Fourteen Native American tribes in Southern California are now directly connected to the state-of-the-art International Internet Exchange, Pacific Wave, and its peering, high-performance scientific networks, and ever-expanding global connectivity. This new connection enables tribal libraries, scientific research facilities, and cultural preservation institutions to collaborate with partners across the state, the nation, and the world.

Tribal Digital Village, a tribal consortium-owned ISP in San Diego County, has connected to Pacific Wave’s infrastructure on the West Coast. A joint project of CENIC and the Pacific Northwest Gigapop, Pacific Wave interconnects most international Asia-Pacific research and education networks, key U.S. western regional research and education networks, leading national-scale research networks, and major commercial research cloud services.

Tribal Digital Village Network was created by the Southern California Tribal Chairman’s Association in 2001 to bring internet services to key community buildings and resource programs on reservations. 

“Through this new connection to Pacific Wave, thousands of indigenous people will benefit from enhanced connectivity,” said director of technology for the SCTCA and director of TDVnet, Matt Rantanen. “All of these tribes have facilities that are now connected to regional, national, and international partners in the research and education community and beyond. This collaboration is an important start to bring global indigenous people onto a platform where they can connect throughout the Asia-Pacific Region and share efforts to strengthen their communities. We all have very similar stories of hardship and oppression, and could greatly benefit from sharing our solutions to overcome these obstacles and strengthen our communities as a whole.”

“Like the countries that Pacific Wave connects, Native American tribes are sovereign nations and therefore should have access to the international exchange and its accompanying domestic peering,” said Louis Fox, Pacific Wave board director and president and CEO of CENIC. “California and the entire research and education community are beneficiaries of this partnership as it brings tribal libraries, scientific research facilities, and cultural preservation institutions onto the same networks as their peers, not just in the West, but across the United States, and around the globe; and it facilitates many other partnerships among schools, cultural institutions, governments, and health care organizations.”

PNWGP and CENIC established the connection with TDVnet with help from Google and AT&T. Google’s Project Eagle Feather provided TDVnet with resources to enhance intra-tribal connectivity. AT&T provided a 10 Gbps circuit through their partnership with CENIC, which can be increased to multiple 10 Gbps or 100 Gbps circuits as demand increases, from TDVnet to a CENIC point of presence in San Diego. CENIC provided backhaul to Pacific Wave infrastructure in Los Angeles and Sunnyvale. 
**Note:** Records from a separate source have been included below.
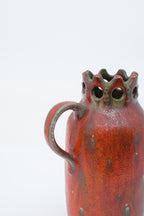 FAT LAVA Vase "Ceramano - Royal253"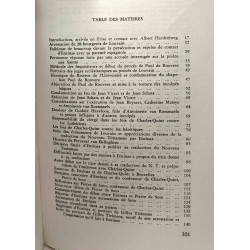 Les mémorables de Francisco de Enzimas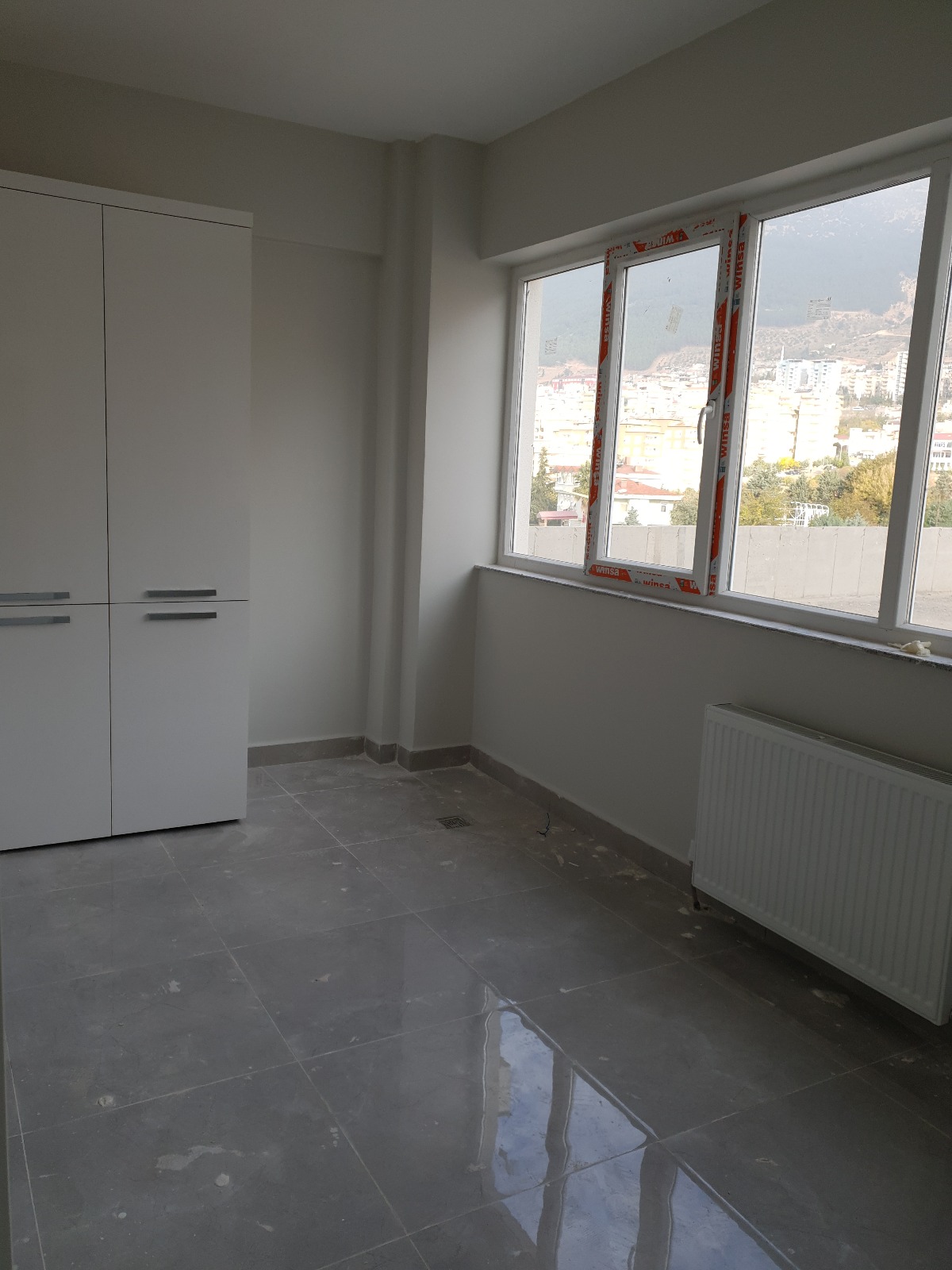 FERİS APARTMANI — galeri 7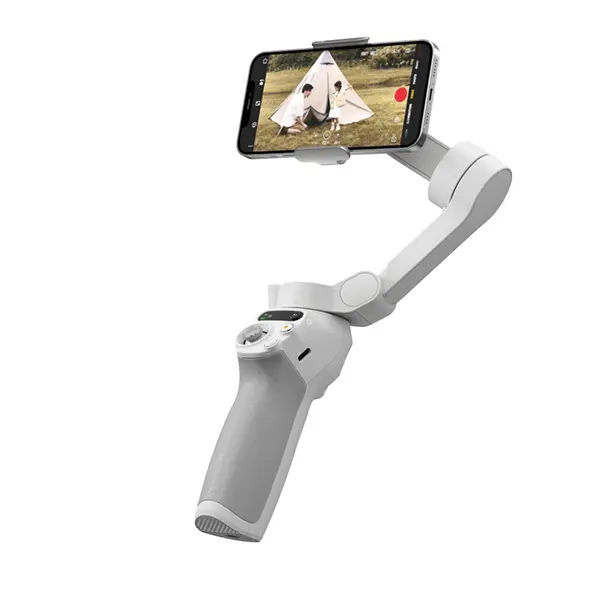 DJI Osmo Mobile SE Gimbal Sri Lanka@ido.lk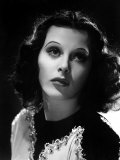 Hedy Lamarr  1939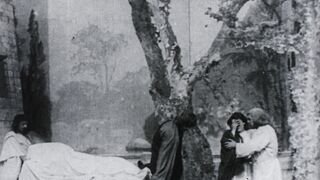 La vie et la passion de Jésus-Christ - 1898
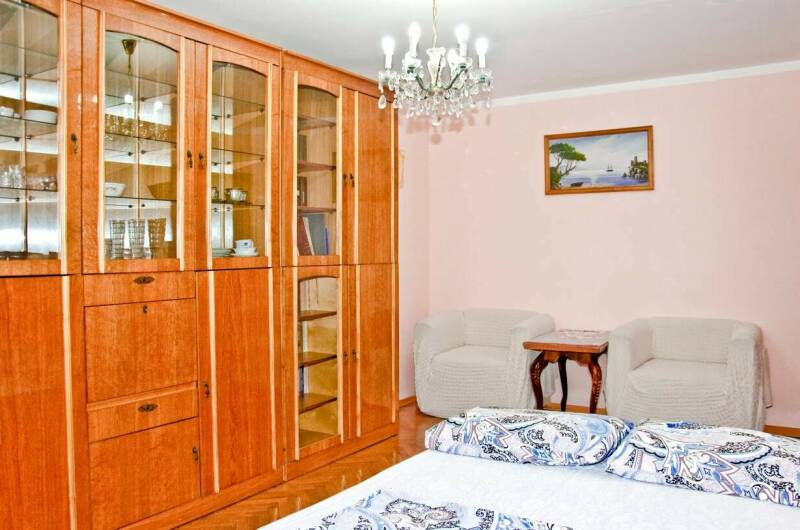 Изображение Изображение квартиры &quot;3-х комнатная квартира&quot; #4 #2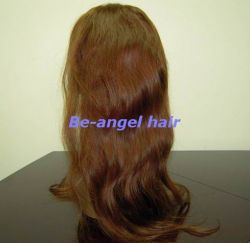 Mongolia Remy Lace Wig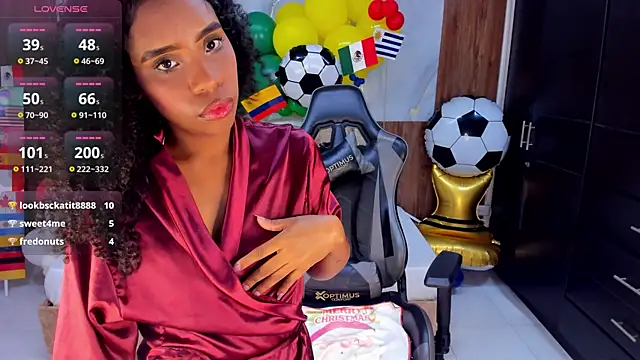 lia_16 webcam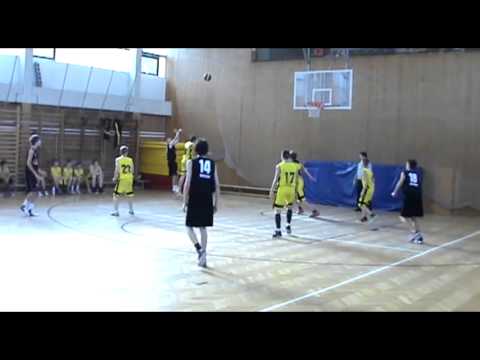 U16 Legszebb Soproni SI - Kőbánya
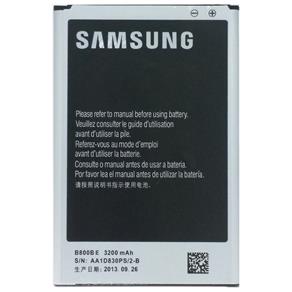 Bateria Samsung Note 3 N9005 - B800BE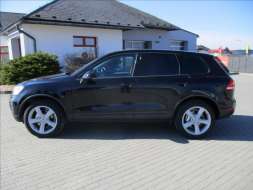 Volkswagen Touareg 3,0 TDI BMT V6 Tiptronic 4x4 p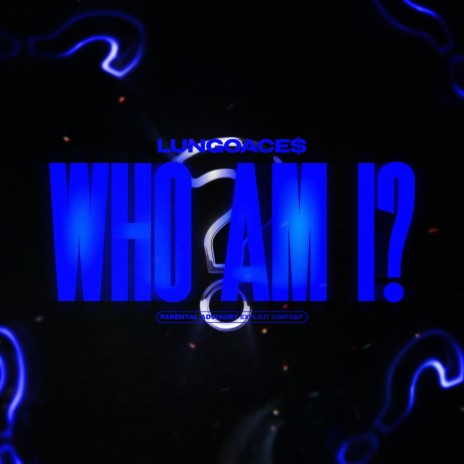 WHO AM I? | Boomplay Music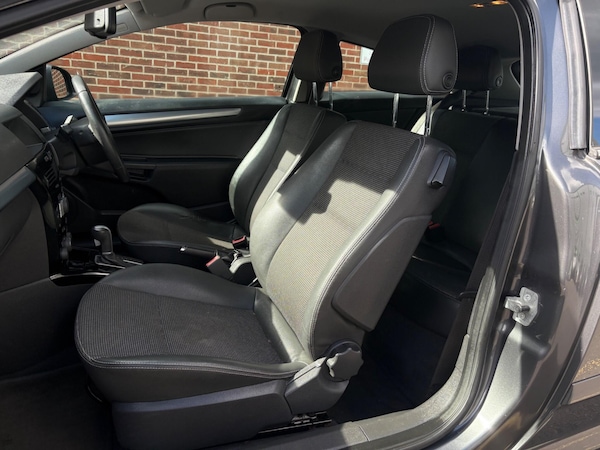 Used Vauxhall Astra 2009 for sale - 76175281: Photo 22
“Native Americans in tribal areas are among the least connected people in America,” said Google vice president and chief internet evangelist, Vint Cerf. “This new interconnection, and the incontrovertible logic behind it, is a dramatic way to draw tribal communities into a rapidly digitizing world.”

This partnership between Pacific Wave, private sector partners, and tribal communities has the potential to be replicated and extended throughout the West.